I looked at the keys in my hand.
Elena hadn't just left me.
She had led a revolution.
I squeezed the keys until the metal bit into my palm.
"Find them," I whispered, my voice lethal.
"Find them now."
Dante Cavallaro POV
Twenty-four hours had passed without sleep.
I sat in my study, a glass of whiskey resting untouched on the mahogany desk.
The house felt massive around me, hostile in its silence.
Every shifting shadow looked like her.
Every groan of the floorboards sounded like the phantom echo of her footsteps.
The door clicked open.
I looked up, expecting Vitale with news from the trackers.
It was Sofia.
She strolled in with an air of possession that made my stomach turn.
She was wearing a silk robe.
My wife's robe.
Red rage flooded my vision, tinting the world in violence.
"What are you doing here?" I asked, my voice a low, vibrating growl.
"I heard she left," Sofia said softly.
She rounded the desk, invading my personal space.
She placed a hand on my shoulder.
Her fingers felt like spiders crawling over my skin.
"I'm sorry, Dante. But maybe... maybe it's for the best."
"For the best?" I repeated, the words tasting like ash.
"She wasn't right for you," Sofia cooed, her voice dripping with false sympathy. "She was too hard. Too cold. You need someone who appreciates you. Someone who needs you."
She leaned down.
The scent of vanilla was suffocating, cloying and artificial.
It made me want to gag.
"I'm here, Dante," she whispered against my ear. "I've always been here."
She moved to settle onto my lap.
I stood up so abruptly that my chair flew backward, crashing against the wall with a deafening crack.

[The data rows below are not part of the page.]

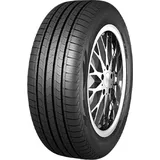 Nankang Cross Sport SP-9 235/65 R16 107V XL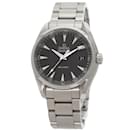 OMEGA Seamaster Aqua Terra Men's Watch - Omega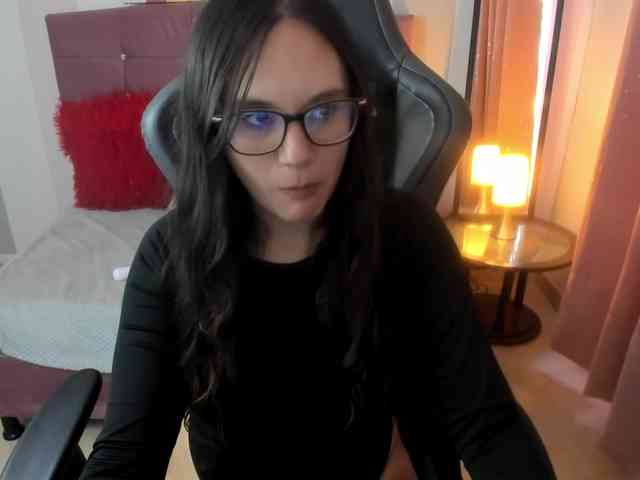 Alexandra_sg webcam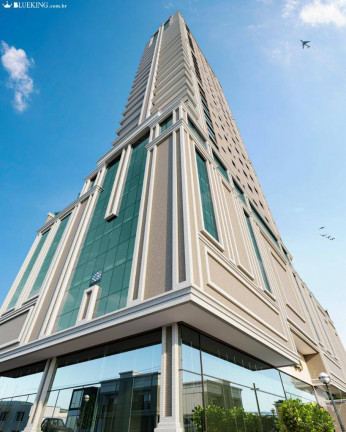 Imagem Apartamento com 3 Quartos à Venda, 137 m² em Meia Praia - Itapema Imagem Apartamento com 3 Quartos à Venda, 137 m² em Meia Praia - Itapema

Sofia stumbled, barely catching herself on the edge of the desk.
"Dante?"
"Take that robe off," I commanded.
Sofia smiled tentatively, her fingers drifting to the belt. "Of course, I-"
"Take it off and put on your own clothes," I roared, the sound tearing from my chest. "And get out of my house."
Sofia froze.
Her face crumbled, the mask of seduction slipping.
"What? But... she's gone! We can finally-"
"There is no 'we'!" I shouted. "There never was!"
"But you chose me!" she screamed, her voice shrill. "You defended me! You bought me the penthouse!"
"I bought the penthouse for Elena!" I slammed my fist onto the desk, rattling the glass of whiskey. "I used your name to keep it off the books so my enemies wouldn't blow it up with her inside! You were a signature! A pen! Nothing more!"
Sofia recoiled as if I had struck her physically.
Her eyes narrowed, hurt morphing into venom.
"And the dress?" she hissed. "You let me wear it."
I narrowed my eyes, the non-sequitur catching me off guard.
"What?"
"The green dress," she said, malice leaking into her voice, desperate to claim a victory. "I tried it on. I rubbed my perfume on it. I told her I had worn it. That's why she slapped me."
The world stopped spinning.
She told me she wore the dress. She told me-
Elena's desperate words from that night echoed in my mind, haunting me.
I hadn't listened.
I had looked at the crocodile tears on Sofia's face and ignored the burning truth in Elena's eyes.
I walked around the desk.
I towered over Sofia, letting my shadow consume her.
She shrank back, real, primal fear finally entering her eyes.
"You provoked her," I said, the realization settling like lead in my gut. "You staged the accident in the kitchen. You poisoned my marriage."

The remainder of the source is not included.